Diffusion antibiograms of BB1013 in medium with (A) and without (B) 10 μg/ml of reserpine. CIP, ciprofloxacin; NOR, norfloxacin; LEV, levofloxacin; ENR, enrofloxacin. Numbers indicate the micrograms of antibiotic in the disc.

Protein modeling of SmrA (A and B), SatA (C), and SatB (D). (A) Lateral view of SmrA showing a 12-transmembrane-segment structure typical of the major facilitator superfamily of transporters. Arrows show the amino acid substitutions present in BB1013 compared to BB1001 and BB1002. Red- and yellow-stained residues are T107A and I126V substitutions, respectively. (B) View down the channel of SmrA. (C and D) Modeling of SatA and SatB. A six-transmembrane-segment structure followed by a nucleotide binding domain is observed in each protein.

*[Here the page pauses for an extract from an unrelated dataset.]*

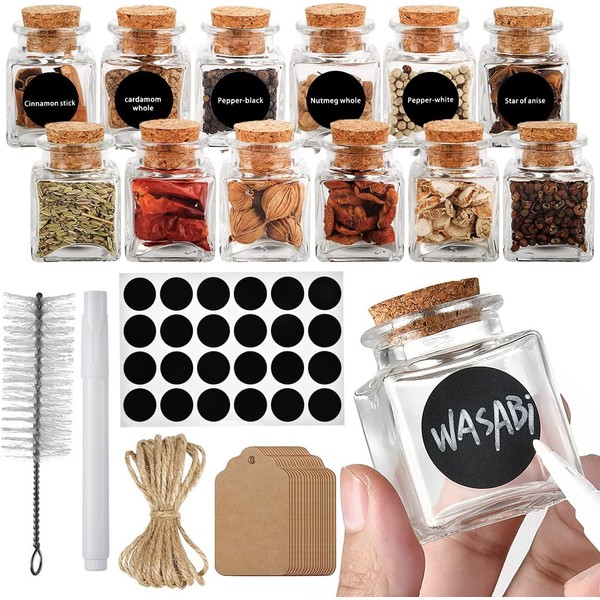 JUVEL 12 x Glass Honey Jars with Cork Lids - 50 ml, Supplied with White Pen, Brush, 2 Types of Labels and Twine, Glass Jar Cork Stopper for Spices, Herbs and Tea (12)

(A) Schematic representation of smrA and satAB integration in B. subtilis. Open reading frames are shown as arrows, with the direction of transcription indicated by the arrowhead. pDR67 bears regions of homology to the nonessential amyE locus of B. subtilis. These gene fragments are shown as broken arrows. Homologous recombination thereof with the chromosome allows for pDR67 integration. smrA and satAB amplicons were ligated to pDR67 and transformed directly in B. subtilis. (B) Phenotypic screening of pDR67 integration in the chromosome. Bacteria were grown on LB containing 1% potato starch. Upper lane, B. subtilis 168 with a functional copy of amyE. Degradation of starch appears as a light unstained halo. Lower lane, BB1066, with pDR67 disrupting amyE, has no amylase activity. Starch is stained, and no light zone is visible.